Nous sommes revenus du pet-shop avec quatre criquets vivants dans un sac de plastique. Quand la salamandre a entendu Anne froisser le sac elle s'est mise à frétiller et à pleurer de joie, comme un ivrogne ému... Aussitôt les insectes jetés dans le vivarium, la salamandre en a saisi un dans le travers de sa gueule... Le criquet faisait aller ses pattes comme un fou tandis que la salamandre, d'une immobilité minérale, le déglutissait lentement. Elle ne le tuait pas, elle le digérait vivant.
Pétrifiant.
Ensuite Anne m'a fait visiter Shawinigan qui ressemble un peu à Berlin-Est avant. Ou à la lune maintenant. Nulle vie. Où sont les gens? Au travail? Sûrement. Mais on venait de me dire qu'il n'y a plus de travail à Shawinigan. Chez eux alors, mais à faire quoi ? Anne ne sait pas. Anne sait seulement qu'avant, il y a longtemps, Shawinigan était prospère. Il était une fois l'avenir. Mais l'avenir fut nationalisée. Ci-gît l'avenir.
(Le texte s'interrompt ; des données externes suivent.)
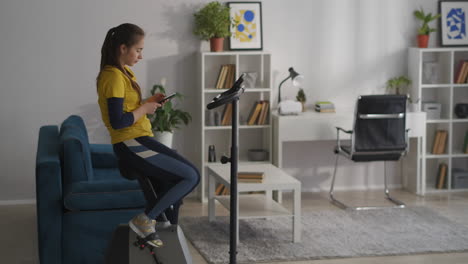 una deportista está chateando en redes sociales por teléfono celular durante el entrenamiento con una bicicleta estacionaria en la sala de estar en el descanso de fitness en el entrenamiento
Le petit centre commercial « Les Promenades » est désert. Les rares promeneurs ont l'air des survivants d'une attaque nucléaire. Locaux à louer. Vitrines borgnes. Même désolation aux Halles, un autre centre commercial... La ville est figée comme une carte postale jaunie. Le boulevard St-Maurice avec sa jolie promenade au bord de la rivière et ses maisons bourgeoises sort du passé comme un fantôme cossu.
Nulle vie. Sauf la jeune femme à côté de moi. Elle s'assoit, replace une mèche. Elle marche sur ses souliers plats, ses dents sourient, ses seins bougent. Elle vit, et sa jupe blanche vit aussi autour de ses hanches...
Cette jeune femme vivante dans cette ville qui meurt, pétrifiant.
Ce matin-là, Shawinigan minéralisée était une salamandre qui tenait dans le travers de sa gueule une jeune femme vivante en jupe blanche.
Elle est actuellement en train de la digérer vivante avec son chat, son hamster angora, ses trois enfants, son ex-mari, son amant et son caniche femelle qui a eu ses règles pour la première fois l'autre jour, il a taché les draps et Anne pensait que c'était elle.